··· Records supplied

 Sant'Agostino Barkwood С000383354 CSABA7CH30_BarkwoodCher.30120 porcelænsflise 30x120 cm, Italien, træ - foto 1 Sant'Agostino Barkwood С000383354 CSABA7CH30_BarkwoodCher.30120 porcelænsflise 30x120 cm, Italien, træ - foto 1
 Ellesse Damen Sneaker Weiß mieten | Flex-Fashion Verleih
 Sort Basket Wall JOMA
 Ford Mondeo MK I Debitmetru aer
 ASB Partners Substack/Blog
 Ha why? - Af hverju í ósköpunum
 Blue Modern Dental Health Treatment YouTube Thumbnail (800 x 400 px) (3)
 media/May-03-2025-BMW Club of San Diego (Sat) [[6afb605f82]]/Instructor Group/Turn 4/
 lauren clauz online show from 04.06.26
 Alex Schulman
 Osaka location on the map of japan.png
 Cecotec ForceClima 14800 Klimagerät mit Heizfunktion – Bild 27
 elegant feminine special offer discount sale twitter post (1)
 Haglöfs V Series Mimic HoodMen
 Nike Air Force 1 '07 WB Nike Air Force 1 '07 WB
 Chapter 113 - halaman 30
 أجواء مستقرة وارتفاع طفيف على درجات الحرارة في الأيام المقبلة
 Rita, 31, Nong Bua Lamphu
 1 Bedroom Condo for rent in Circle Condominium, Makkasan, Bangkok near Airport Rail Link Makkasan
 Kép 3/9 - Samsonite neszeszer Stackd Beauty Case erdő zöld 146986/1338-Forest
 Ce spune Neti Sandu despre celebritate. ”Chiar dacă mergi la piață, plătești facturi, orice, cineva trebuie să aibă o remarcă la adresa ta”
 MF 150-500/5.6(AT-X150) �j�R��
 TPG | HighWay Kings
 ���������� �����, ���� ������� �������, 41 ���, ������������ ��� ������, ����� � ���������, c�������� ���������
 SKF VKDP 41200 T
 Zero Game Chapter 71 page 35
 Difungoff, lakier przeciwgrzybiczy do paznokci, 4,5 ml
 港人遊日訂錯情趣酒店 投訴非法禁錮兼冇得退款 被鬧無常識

······

→ **Task statement**
Within the entries, find all lines that contain "Chapter" and copy each one.

→ **Result of the exercise**
 Chapter 113 - halaman 30
 Zero Game Chapter 71 page 35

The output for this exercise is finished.